Car, avant tout, l’individu désigné comme malade mental interroge le spectateur, jusqu’à le faire douter des autres personnages. Emblématique de la confusion à laquelle le discours d’un fou peut conduire le spectateur, Shutter Island brouille les degrés de réalité et sape en profondeur les piliers de la vérité auxquels il pouvait tenter de se raccrocher. Le film laisse en effet autant d’indices en faveur du complot que de la véritable folie d’Andrew, et il devient rapidement difficile de trouver un garant fiable de la réalité. Tout comme ce dernier n’a comme ressource finale que le choix entre « vivre comme un monstre ou mourir en homme de bien », le spectateur ne peut que choisir, décider de la version qu’il préfère, sans pouvoir s’assurer qu’elle correspond bien à la réalité. Réalité qui, définie par des discours ou des souvenirs, ne signifie de toute façon plus grand-chose, et repose finalement sur une interprétation personnelle. Alors qu’Andrew passe tout le film dans une quête identitaire vitale, le spectateur est lui-même rudement interrogé : est-il vraiment celui qu’il croit être ? Sur quoi fonde-t-il sa propre identité ?

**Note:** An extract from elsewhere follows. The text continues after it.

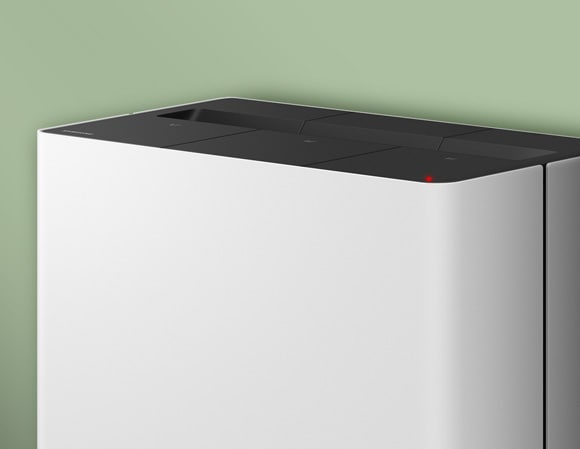 Close-up of the top of a white Samsung Clean Station with a red LED status indicator illuminated.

Si les autres peuvent se révéler manipulateurs, au service de leurs propres intérêts, faut-il en conclure que la confusion vient des autres et qu’il vaut mieux éviter de les écouter et se fier à soi-même ? Memento, film de Christopher Nolan, semble démontrer le contraire. Leonard Shelby, atteint d’un trouble l’empêchant de conserver toute mémoire immédiate, est à la recherche de l’assassin de sa femme. Pour avancer, il est obligé de se laisser des notes à lui-même pour savoir comment agir pour la suite, et surtout à qui faire confiance… Et lorsque Jimmy Grantz lui prouve qu’il a déjà tué plusieurs personnes en pensant à chaque fois redécouvrir l’assassin, Leonard écrit de ne pas croire ses mensonges…

 

Les pires malades mentaux du cinéma ne sont pas ceux qui, armés d’une tronçonneuse ou transformés en tueurs insatiables, perpètrent les assassinats les plus sanglants. Bien plus dangereux et subversifs sont ceux qui emmènent le spectateur dans leurs propres doutes sur la réalité, la vérité et l’identité du monde et de l’individu. Le gouffre qu’ils ouvrent à la conscience offre alors une sensation de vertige, mais aussi des possibilités de jeu et d’imagination infinies, qui font toute la force des métaphores incarnées par le fou et des films qui le mettent en scène.